BankMobile hopes to acquire 25,000 customers in a one-year period, and 250,000 customers over a five-year-period.

Beyond marketing its product through social networks like Vine and Twitter, BankMobile plans to acquire millennials by targeting recent college graduates. Customers Bank, after all, already has relationships with 1.2 million college students through its work with Higher One Holdings, which disburses financial aid on behalf of universities and provides checking accounts.

When they graduate, BankMobile plans to target them. It also plans to form affinity relationships with organizations to help it acquire customers who live paycheck to paycheck — another target market — such as alumni associations, fraternal associations, unions and charities.

Still, customer acquisition is tough for any direct bank.

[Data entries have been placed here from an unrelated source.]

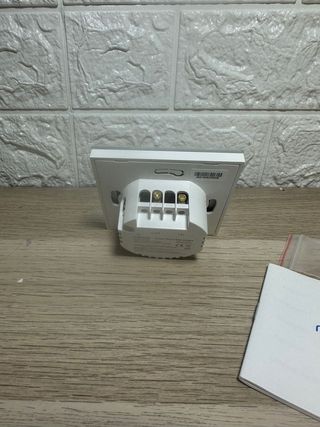 Meross Interruptor de Pared Táctil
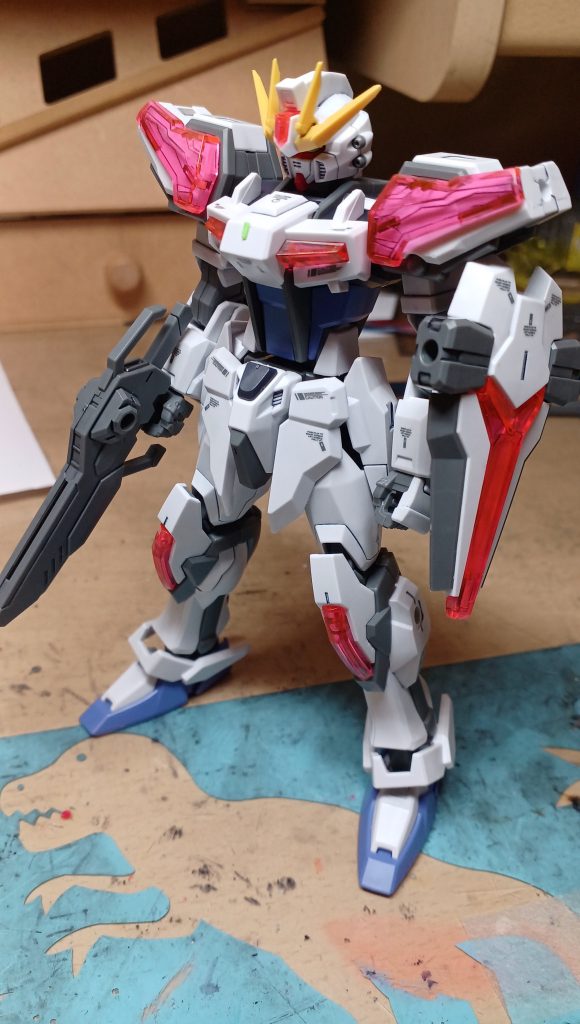 ストライクEG武器装備やはり武器も独特な形状をしていますね。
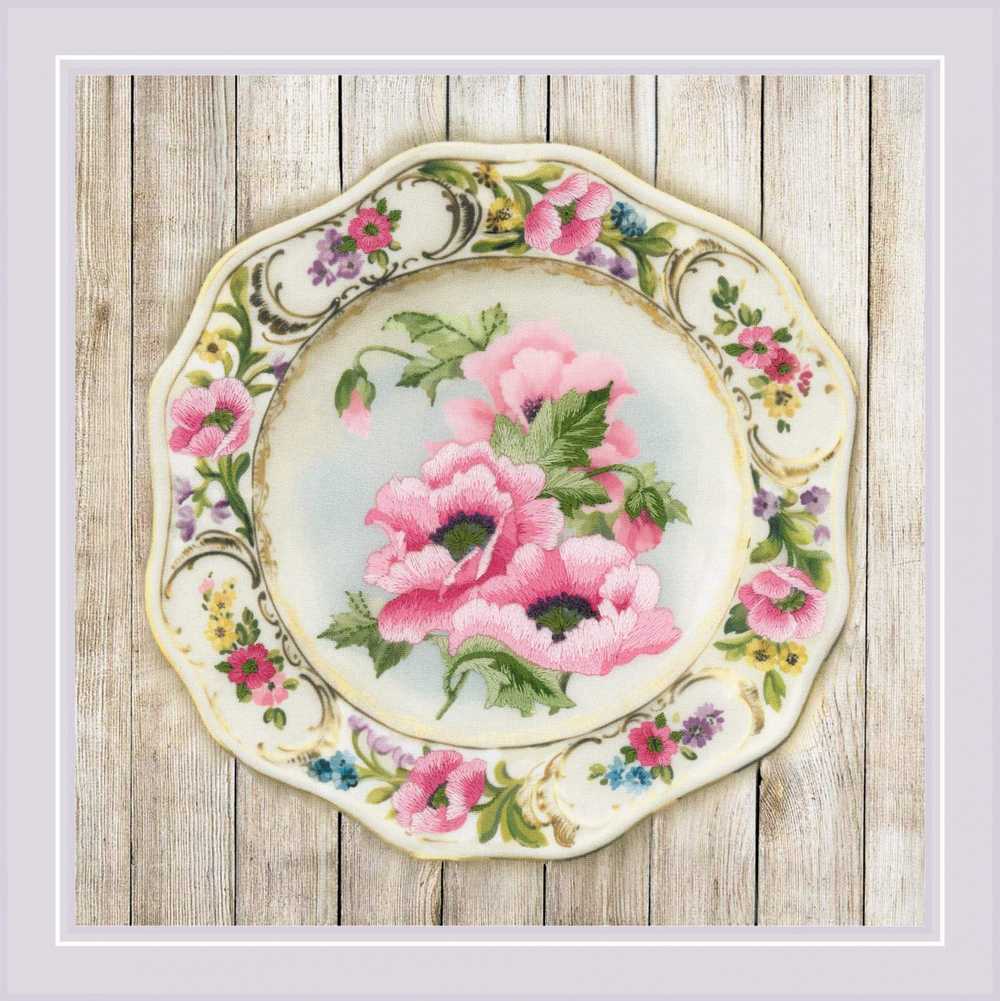 RiolisFreestyle Embroidery Kit - Anemone Plate Satin Stitch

"The big challenge for new entrants is to build a brand that allows consumers to even know you are available," said Bob Hedges, a managing director at AlixPartners.

And in BankMobile's case, eliminating fee revenue from the business model raises extra questions about profitability, said Daniel Van Dyke, a mobile research specialist at Javelin Strategy & Research.

"I'm curious whether or not they can make money," Van Dyke said.

Sure, millennials tend to dislike traditional banks, but does that imply they are in favor of neobanks like Serve, BBVA's Simple, Moven and now BankMobile?

"It's a question worth asking," he said.

BankMobile also needs to compete with traditional banks like JPMorgan Chase and Bank of America that allow their customers to have Internet-only experiences, said AlixPartners' Hedges.

"The real drama playing out here is: can large traditional brands bring to market Internet-only bank experiences fast enough and in a compelling enough way to head off a new entrant ever getting real traction."

Gartner's Cohen said banks need to go beyond removing fees and create digital features that help customers, say, know the best bill pay schedule or reduce credit card debt.

"That's innovative," Cohen said. "There are a lot of possibilities for digital."